Pottery remains at Solnitsata have been dated to 4,700 to 4,200 B.C., about a thousand years before the beginning of the Greek civilization. The site’s age, its prehistoric population of about 350, and its Copper Age status as an agricultural, military, and ideological center help make Solnitsata the oldest known town in Europe, says Nikolov, whose conclusions appear in a recent paper released by Bulgaria’s National Institute of Archaeology (PDF).
But archaeologist John Chapman thinks Solnitsata housed only about 150 people. The idea that it was a town—let alone Europe’s oldest town—is, in Chapman’s words, “hyperbole.”
Solnitsata “isn’t really that different from hundreds of other Bulgarian tells [archaeological mounds created by building new structures atop older ones] that I know quite well,” said Chapman, of Durham University in the U.K.
“These are not town-sized using any sort of objective criteria at all,” added Chapman, who was not involved in Nikolov’s study.

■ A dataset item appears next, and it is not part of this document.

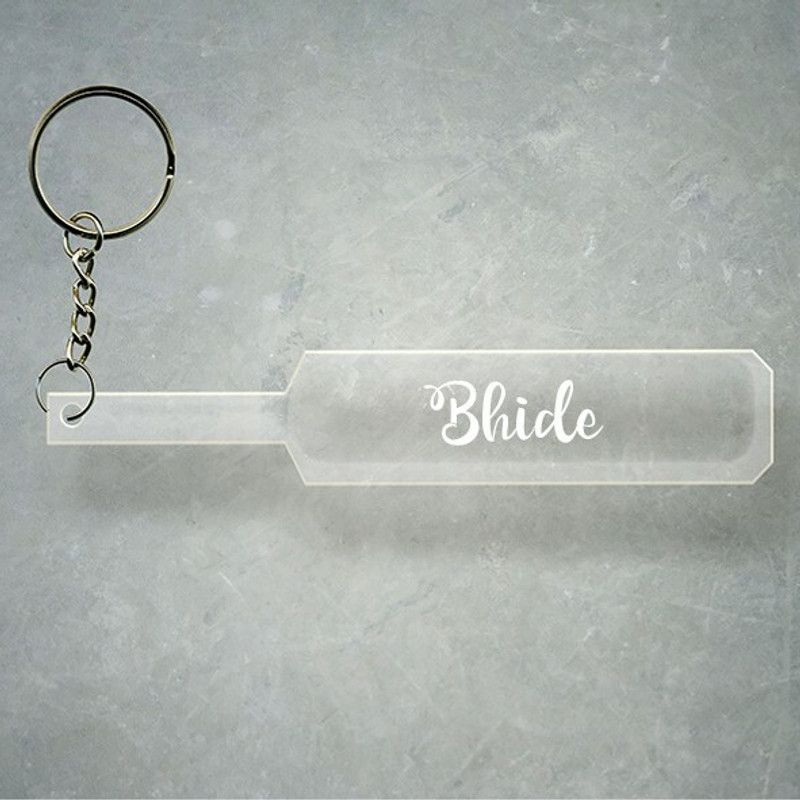 SY Gifts Cricket Bat Logo Design With Bhide Name Key Chain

Anthony, of Hartwick College, also thinks the oldest-town claim is an exaggeration.
“Heck, when I was a graduate student, I worked on a … site in what is now Serbia that covered a larger area” and was dated to an earlier time, Anthony said.

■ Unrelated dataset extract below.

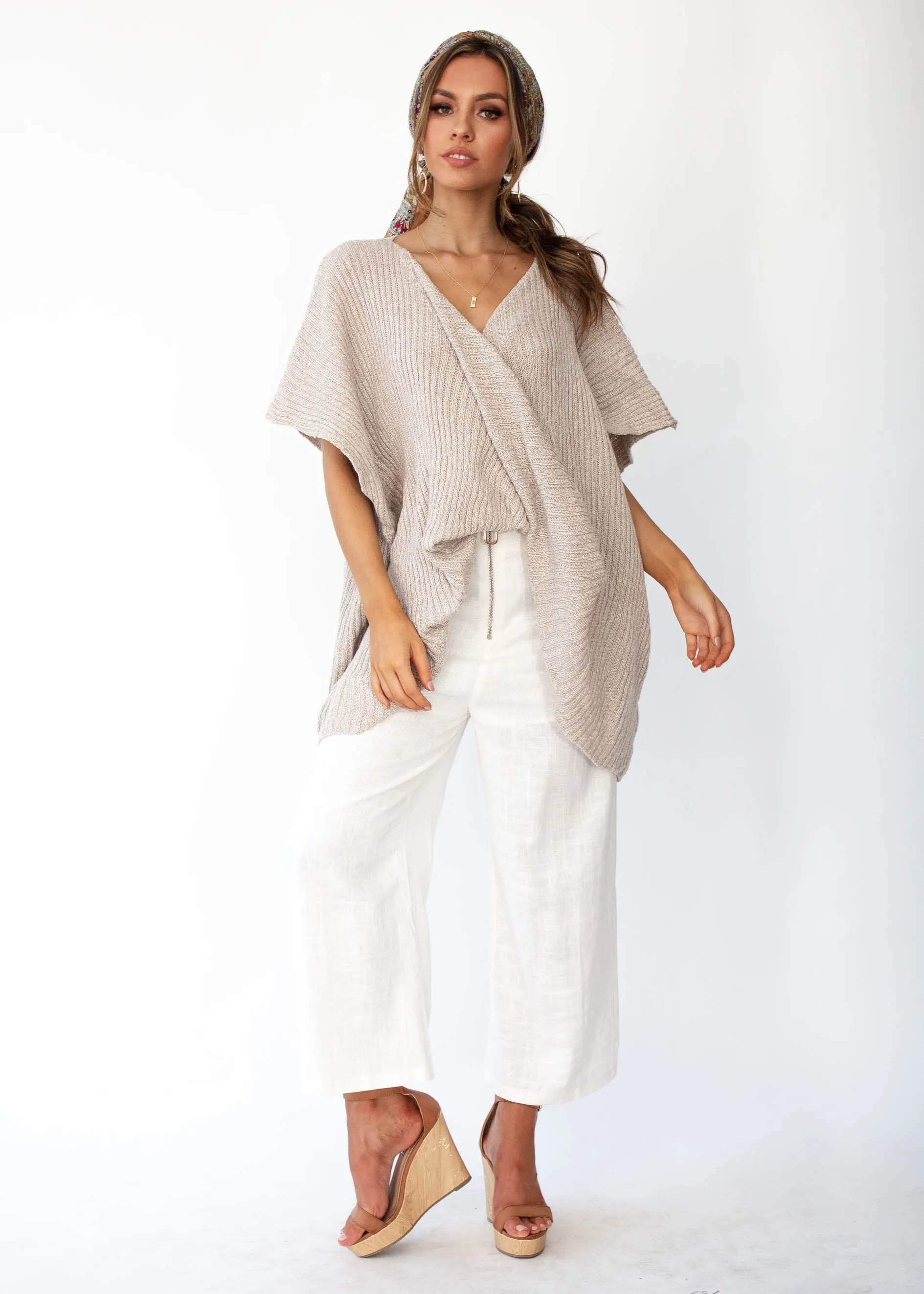 Maia Twist Knit Sweater - Beige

For his part, dig leader Nikolov—who could not be reached for comment—seemed to downplay his own claim last week, telling the AFP news service, “We are not talking about a town like the Greek city-states, ancient Rome, or medieval settlements but about what archaeologists agree constituted a town in the fifth millennium B.C.”
(Also see “Mystery of Lost Roman City Solved: Ancients Greened the Desert?”)

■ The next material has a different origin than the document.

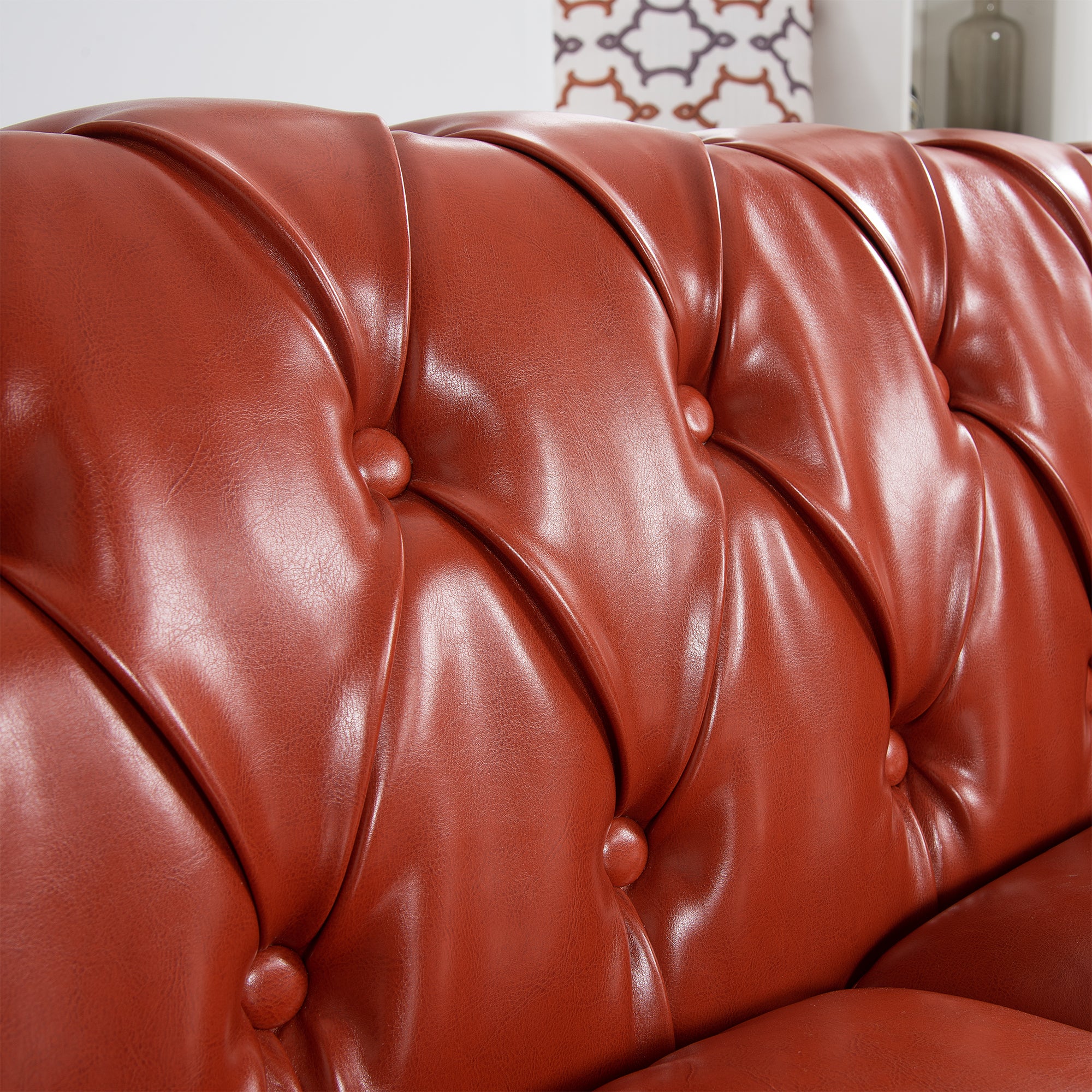 84.65' Rolled Arm Chesterfield 3 Seater Sofa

Town or no town, Solnitsata and its newfound fortifications are evidence that the salt trade helped make southern Europe enormously wealthy during the Copper Age, Nikolov writes.
It’s an idea borne out by other recent excavations in southern Europe, which suggest the region was a kind of technological and social proving ground at the time.
The area saw not only the independent invention of copper metallurgy but the world’s first social hierarchies and the division of people into rich and poor, ruler and ruled. Evidence for that can be seen about 22 miles (35 kilometers) from Solnitsata, at 300 graves uncovered 40 years ago near the site called Varna. Dating to roughly the same time period as Solnitsata, Varna’s cemetery harbors the world’s earliest known major gold hoard, but its uneven distribution divides haves from have-nots.
(Related pictures: “‘Emergency’ Gold Treasures Found in Holy Land.”)
Those two great signifiers of Copper Age Balkan wealth—Solnitsata’s walls and Varna’s gold—might be connected, Nikolov says.
It’s possible, for example, Anthony said, that wealthy individuals from Solnitsata were buried at Varna. But to establish that link would require more tests of pottery found at both sites.
Even then, the findings could be inconclusive. “This [style of] pottery was in use for a thousand years,” Chapman said. “So just because the pots look the same doesn’t mean they’re from the same time period.”
One thing’s for sure, Anthony said: “By the time you get to this era, there is this really dense, multilayered circulation of long distance trade goods.
“If you look around at the rest of the world, it’s hard to identify any place in the world at that early an age that was engaged in such a complex set of trade and interaction.”